A history of Myanmar that sidelines the present
In February 2021, unrest in Myanmar once again reached the news. Following their electoral success, members of the National League for Democracy were deposed, and a military junta installed. It was another moment of tragic disruption for a country which, since its independence from Britain in 1948 and first military coup in 1962, has been riven by violence, civil war, and religious persecution.
A new exhibition at the British Museum – timed to mark the country’s 75th anniversary of independence – wants to display the history of Myanmar “behind its headlines” from the nation’s pre-colonial and ancient history (shown here with silver coins from 400 AD) to its subsequent post-colonial isolation in the latter part of the 20th century.
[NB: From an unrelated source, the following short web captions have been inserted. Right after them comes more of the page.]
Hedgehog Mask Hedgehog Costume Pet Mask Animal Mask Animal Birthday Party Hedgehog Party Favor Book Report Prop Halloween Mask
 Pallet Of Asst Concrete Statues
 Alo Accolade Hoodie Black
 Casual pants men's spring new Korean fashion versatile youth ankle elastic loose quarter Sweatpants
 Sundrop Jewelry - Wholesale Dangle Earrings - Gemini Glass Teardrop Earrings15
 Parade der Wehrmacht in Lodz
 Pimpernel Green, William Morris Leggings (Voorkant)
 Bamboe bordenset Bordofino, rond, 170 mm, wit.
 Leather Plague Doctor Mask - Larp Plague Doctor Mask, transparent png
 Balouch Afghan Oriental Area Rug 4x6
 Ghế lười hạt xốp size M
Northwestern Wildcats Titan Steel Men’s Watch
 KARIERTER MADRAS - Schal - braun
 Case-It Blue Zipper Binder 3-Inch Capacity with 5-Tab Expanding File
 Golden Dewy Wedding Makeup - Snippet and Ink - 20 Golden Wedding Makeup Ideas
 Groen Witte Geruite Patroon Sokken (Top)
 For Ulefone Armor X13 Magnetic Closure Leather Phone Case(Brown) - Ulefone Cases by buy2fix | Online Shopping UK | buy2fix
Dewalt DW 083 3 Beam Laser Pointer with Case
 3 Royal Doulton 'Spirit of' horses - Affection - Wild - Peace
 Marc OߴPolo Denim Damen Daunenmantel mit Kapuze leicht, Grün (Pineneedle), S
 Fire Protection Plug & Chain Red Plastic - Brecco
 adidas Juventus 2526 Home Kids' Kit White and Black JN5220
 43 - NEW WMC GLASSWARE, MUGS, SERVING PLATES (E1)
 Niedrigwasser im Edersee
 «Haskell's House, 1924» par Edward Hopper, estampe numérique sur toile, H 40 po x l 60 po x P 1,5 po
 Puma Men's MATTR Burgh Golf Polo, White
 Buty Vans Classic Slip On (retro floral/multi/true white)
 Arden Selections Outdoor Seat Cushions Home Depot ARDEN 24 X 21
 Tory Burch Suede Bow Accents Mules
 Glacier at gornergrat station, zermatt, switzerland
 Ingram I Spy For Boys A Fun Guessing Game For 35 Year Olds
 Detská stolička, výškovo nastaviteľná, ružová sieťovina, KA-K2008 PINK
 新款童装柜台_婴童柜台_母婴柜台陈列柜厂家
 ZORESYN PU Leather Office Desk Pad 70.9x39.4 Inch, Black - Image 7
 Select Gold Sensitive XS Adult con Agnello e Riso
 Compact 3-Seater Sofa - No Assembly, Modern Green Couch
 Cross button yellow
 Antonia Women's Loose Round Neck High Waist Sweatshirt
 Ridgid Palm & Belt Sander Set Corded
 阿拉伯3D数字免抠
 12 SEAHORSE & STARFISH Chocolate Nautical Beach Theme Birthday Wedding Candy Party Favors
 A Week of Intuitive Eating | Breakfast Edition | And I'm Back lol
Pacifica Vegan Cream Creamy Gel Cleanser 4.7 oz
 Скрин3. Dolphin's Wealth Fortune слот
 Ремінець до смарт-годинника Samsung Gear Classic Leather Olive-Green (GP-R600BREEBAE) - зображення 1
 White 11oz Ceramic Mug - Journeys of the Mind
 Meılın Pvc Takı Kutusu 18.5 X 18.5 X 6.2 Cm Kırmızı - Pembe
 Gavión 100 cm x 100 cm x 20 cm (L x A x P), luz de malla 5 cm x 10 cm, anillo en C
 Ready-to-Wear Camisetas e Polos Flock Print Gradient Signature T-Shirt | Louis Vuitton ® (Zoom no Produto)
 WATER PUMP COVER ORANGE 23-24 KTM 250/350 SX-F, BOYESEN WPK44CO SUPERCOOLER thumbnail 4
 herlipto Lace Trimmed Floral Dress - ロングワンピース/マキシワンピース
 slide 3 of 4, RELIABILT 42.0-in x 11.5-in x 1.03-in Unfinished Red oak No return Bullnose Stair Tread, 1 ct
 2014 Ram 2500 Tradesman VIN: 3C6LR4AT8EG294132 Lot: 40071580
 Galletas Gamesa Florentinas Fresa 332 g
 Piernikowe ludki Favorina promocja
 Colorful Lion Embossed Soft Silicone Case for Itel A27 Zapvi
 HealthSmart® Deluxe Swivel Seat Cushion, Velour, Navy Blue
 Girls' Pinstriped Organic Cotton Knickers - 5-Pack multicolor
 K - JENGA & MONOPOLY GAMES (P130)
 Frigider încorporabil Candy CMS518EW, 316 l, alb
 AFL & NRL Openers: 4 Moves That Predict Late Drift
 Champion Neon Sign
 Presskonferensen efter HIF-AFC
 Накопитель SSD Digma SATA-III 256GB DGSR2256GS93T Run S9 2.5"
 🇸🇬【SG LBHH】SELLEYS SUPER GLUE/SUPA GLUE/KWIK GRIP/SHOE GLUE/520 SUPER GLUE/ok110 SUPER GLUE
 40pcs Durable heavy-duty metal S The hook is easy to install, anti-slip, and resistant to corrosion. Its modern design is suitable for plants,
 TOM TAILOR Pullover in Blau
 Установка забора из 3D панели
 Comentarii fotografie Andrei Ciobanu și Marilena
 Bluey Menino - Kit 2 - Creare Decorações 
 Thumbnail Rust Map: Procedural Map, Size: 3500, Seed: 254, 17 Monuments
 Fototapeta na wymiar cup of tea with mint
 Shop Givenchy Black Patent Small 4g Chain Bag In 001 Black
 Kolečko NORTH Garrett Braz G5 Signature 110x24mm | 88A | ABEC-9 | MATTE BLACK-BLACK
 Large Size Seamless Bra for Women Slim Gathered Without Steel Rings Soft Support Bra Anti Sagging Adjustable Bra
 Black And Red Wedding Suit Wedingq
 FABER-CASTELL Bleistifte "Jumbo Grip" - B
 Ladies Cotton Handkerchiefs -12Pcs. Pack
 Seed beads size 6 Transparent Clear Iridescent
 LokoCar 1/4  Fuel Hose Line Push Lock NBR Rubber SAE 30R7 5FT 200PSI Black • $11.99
It’s not just the sheer scale of the chronology that sets a challenge for the exhibition. The curation has to deal with the nation’s changing boundaries and, of course, its name. In 1989, at the behest of the military dictatorship, Burma became “Myanmar”: an erasure of the colonial past that still rankles for some, who see the new name as tied to military rule.
How does any show deal with such a huge swathe of time and changing history? The British Museum seems to not entirely know the answer. It begins, rather arbitrarily, with a room that focuses on natural resources.
Over the centuries, Myanmar has been plundered for everything from gems to the rare metals needed to make mobile phones: a fact that only goes some way to linking a disparate set of artefacts. The opening room presents objects from King Alaungpaya’s letter to George II written on a sheet of ruby-inlaid gold, to a late-19th century oil worker’s helmet.
Many of these objects are fascinating – a 1907 letter written to the British colonial governor asking for better infrastructure is written on silk, and bound within a giant shell – but it’s hard not to feel that this is a historical jumble: with changing centuries and stories all introduced together.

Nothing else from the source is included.